*** Opening of RECORD EXCERPTS ***

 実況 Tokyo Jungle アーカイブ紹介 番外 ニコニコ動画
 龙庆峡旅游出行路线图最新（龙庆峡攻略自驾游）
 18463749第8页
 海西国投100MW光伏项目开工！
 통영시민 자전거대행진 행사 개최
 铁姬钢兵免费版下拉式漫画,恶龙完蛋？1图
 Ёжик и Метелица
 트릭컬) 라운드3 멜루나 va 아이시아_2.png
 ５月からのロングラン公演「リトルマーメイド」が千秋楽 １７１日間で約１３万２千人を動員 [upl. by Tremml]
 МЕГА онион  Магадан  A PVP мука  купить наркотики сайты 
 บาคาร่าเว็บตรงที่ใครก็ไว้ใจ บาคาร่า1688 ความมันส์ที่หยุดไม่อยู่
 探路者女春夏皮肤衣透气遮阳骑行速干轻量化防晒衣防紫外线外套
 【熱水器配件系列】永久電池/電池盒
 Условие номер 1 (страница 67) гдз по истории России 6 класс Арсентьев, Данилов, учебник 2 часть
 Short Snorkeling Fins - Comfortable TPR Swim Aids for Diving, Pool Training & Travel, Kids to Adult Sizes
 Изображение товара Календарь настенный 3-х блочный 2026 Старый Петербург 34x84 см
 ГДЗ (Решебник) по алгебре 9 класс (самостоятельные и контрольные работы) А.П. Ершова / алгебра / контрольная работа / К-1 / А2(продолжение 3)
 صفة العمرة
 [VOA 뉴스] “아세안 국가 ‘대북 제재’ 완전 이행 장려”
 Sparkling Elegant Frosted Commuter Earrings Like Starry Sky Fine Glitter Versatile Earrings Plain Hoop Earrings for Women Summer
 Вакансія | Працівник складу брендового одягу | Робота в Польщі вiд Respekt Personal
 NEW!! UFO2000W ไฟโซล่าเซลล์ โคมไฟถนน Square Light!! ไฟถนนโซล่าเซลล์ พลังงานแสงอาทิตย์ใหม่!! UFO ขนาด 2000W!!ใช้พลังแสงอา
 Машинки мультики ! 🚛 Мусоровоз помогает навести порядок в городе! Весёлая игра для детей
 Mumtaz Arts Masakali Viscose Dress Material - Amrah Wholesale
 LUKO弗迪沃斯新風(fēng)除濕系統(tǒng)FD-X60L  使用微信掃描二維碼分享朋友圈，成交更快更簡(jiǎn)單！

*** Close of RECORD EXCERPTS ***

TASK DESCRIPTION: Start with the line above that contains "Short Snorkeling Fins" and stop after the line that contains "국가 ‘대북 제재’ 완전". Output those lines exactly, and only those.

RESULT FOR THIS TASK:
 Short Snorkeling Fins - Comfortable TPR Swim Aids for Diving, Pool Training & Travel, Kids to Adult Sizes
 Изображение товара Календарь настенный 3-х блочный 2026 Старый Петербург 34x84 см
 ГДЗ (Решебник) по алгебре 9 класс (самостоятельные и контрольные работы) А.П. Ершова / алгебра / контрольная работа / К-1 / А2(продолжение 3)
 صفة العمرة
 [VOA 뉴스] “아세안 국가 ‘대북 제재’ 완전 이행 장려”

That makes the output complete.